### What you are asked to do
Each record that follows must be given again without alteration.

(Information given)

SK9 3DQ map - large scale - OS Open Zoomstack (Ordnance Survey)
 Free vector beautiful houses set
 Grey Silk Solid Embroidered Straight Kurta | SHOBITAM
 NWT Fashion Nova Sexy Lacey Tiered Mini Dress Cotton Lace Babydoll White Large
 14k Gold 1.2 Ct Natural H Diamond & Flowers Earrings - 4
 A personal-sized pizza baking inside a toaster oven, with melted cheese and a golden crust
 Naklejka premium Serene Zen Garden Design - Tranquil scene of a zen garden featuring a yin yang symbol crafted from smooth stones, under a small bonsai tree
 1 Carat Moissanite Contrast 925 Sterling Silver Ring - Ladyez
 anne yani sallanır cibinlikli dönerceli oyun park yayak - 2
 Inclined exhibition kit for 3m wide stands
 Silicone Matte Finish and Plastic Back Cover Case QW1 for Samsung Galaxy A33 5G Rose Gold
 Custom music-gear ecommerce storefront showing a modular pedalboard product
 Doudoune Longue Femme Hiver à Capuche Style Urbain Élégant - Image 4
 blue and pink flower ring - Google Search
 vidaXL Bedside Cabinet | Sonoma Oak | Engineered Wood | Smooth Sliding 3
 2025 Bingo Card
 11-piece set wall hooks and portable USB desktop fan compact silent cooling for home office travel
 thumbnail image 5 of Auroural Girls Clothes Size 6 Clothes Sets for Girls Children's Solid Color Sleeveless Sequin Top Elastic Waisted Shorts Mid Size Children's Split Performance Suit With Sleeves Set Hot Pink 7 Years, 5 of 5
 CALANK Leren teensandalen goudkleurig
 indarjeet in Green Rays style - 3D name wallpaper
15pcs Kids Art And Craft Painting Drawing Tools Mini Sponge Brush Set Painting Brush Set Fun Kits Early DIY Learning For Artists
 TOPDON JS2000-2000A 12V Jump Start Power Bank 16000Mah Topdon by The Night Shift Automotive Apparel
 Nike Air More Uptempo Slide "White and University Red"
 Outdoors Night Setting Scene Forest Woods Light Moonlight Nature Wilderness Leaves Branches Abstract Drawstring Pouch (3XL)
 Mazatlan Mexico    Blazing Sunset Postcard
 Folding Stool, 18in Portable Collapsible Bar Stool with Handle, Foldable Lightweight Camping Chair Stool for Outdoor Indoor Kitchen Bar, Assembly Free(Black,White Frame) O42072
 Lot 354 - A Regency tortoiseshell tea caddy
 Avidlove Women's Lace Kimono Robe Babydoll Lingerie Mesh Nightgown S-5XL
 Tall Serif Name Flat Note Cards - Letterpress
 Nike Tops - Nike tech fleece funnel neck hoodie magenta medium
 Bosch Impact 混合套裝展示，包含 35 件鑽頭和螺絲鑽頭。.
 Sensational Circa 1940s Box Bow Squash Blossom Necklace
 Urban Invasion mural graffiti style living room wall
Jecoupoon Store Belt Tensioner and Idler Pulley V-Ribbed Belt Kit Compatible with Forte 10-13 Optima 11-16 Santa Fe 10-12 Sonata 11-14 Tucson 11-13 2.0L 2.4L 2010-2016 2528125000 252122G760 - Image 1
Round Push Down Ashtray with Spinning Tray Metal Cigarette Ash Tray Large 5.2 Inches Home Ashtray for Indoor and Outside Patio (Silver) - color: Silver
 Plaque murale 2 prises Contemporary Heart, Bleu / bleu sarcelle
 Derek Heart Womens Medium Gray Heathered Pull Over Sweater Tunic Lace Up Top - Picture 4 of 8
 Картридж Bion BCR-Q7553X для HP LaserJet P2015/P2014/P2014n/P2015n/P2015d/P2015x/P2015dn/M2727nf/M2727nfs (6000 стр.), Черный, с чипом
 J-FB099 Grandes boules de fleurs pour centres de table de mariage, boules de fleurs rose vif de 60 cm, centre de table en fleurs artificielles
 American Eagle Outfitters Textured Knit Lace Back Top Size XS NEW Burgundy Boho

(End Information given)

### Result
SK9 3DQ map - large scale - OS Open Zoomstack (Ordnance Survey)
 Free vector beautiful houses set
 Grey Silk Solid Embroidered Straight Kurta | SHOBITAM
 NWT Fashion Nova Sexy Lacey Tiered Mini Dress Cotton Lace Babydoll White Large
 14k Gold 1.2 Ct Natural H Diamond & Flowers Earrings - 4
 A personal-sized pizza baking inside a toaster oven, with melted cheese and a golden crust
 Naklejka premium Serene Zen Garden Design - Tranquil scene of a zen garden featuring a yin yang symbol crafted from smooth stones, under a small bonsai tree
 1 Carat Moissanite Contrast 925 Sterling Silver Ring - Ladyez
 anne yani sallanır cibinlikli dönerceli oyun park yayak - 2
 Inclined exhibition kit for 3m wide stands
 Silicone Matte Finish and Plastic Back Cover Case QW1 for Samsung Galaxy A33 5G Rose Gold
 Custom music-gear ecommerce storefront showing a modular pedalboard product
 Doudoune Longue Femme Hiver à Capuche Style Urbain Élégant - Image 4
 blue and pink flower ring - Google Search
 vidaXL Bedside Cabinet | Sonoma Oak | Engineered Wood | Smooth Sliding 3
 2025 Bingo Card
 11-piece set wall hooks and portable USB desktop fan compact silent cooling for home office travel
 thumbnail image 5 of Auroural Girls Clothes Size 6 Clothes Sets for Girls Children's Solid Color Sleeveless Sequin Top Elastic Waisted Shorts Mid Size Children's Split Performance Suit With Sleeves Set Hot Pink 7 Years, 5 of 5
 CALANK Leren teensandalen goudkleurig
 indarjeet in Green Rays style - 3D name wallpaper
15pcs Kids Art And Craft Painting Drawing Tools Mini Sponge Brush Set Painting Brush Set Fun Kits Early DIY Learning For Artists
 TOPDON JS2000-2000A 12V Jump Start Power Bank 16000Mah Topdon by The Night Shift Automotive Apparel
 Nike Air More Uptempo Slide "White and University Red"
 Outdoors Night Setting Scene Forest Woods Light Moonlight Nature Wilderness Leaves Branches Abstract Drawstring Pouch (3XL)
 Mazatlan Mexico    Blazing Sunset Postcard
 Folding Stool, 18in Portable Collapsible Bar Stool with Handle, Foldable Lightweight Camping Chair Stool for Outdoor Indoor Kitchen Bar, Assembly Free(Black,White Frame) O42072
 Lot 354 - A Regency tortoiseshell tea caddy
 Avidlove Women's Lace Kimono Robe Babydoll Lingerie Mesh Nightgown S-5XL
 Tall Serif Name Flat Note Cards - Letterpress
 Nike Tops - Nike tech fleece funnel neck hoodie magenta medium
 Bosch Impact 混合套裝展示，包含 35 件鑽頭和螺絲鑽頭。.
 Sensational Circa 1940s Box Bow Squash Blossom Necklace
 Urban Invasion mural graffiti style living room wall
Jecoupoon Store Belt Tensioner and Idler Pulley V-Ribbed Belt Kit Compatible with Forte 10-13 Optima 11-16 Santa Fe 10-12 Sonata 11-14 Tucson 11-13 2.0L 2.4L 2010-2016 2528125000 252122G760 - Image 1
Round Push Down Ashtray with Spinning Tray Metal Cigarette Ash Tray Large 5.2 Inches Home Ashtray for Indoor and Outside Patio (Silver) - color: Silver
 Plaque murale 2 prises Contemporary Heart, Bleu / bleu sarcelle
 Derek Heart Womens Medium Gray Heathered Pull Over Sweater Tunic Lace Up Top - Picture 4 of 8
 Картридж Bion BCR-Q7553X для HP LaserJet P2015/P2014/P2014n/P2015n/P2015d/P2015x/P2015dn/M2727nf/M2727nfs (6000 стр.), Черный, с чипом
 J-FB099 Grandes boules de fleurs pour centres de table de mariage, boules de fleurs rose vif de 60 cm, centre de table en fleurs artificielles
 American Eagle Outfitters Textured Knit Lace Back Top Size XS NEW Burgundy Boho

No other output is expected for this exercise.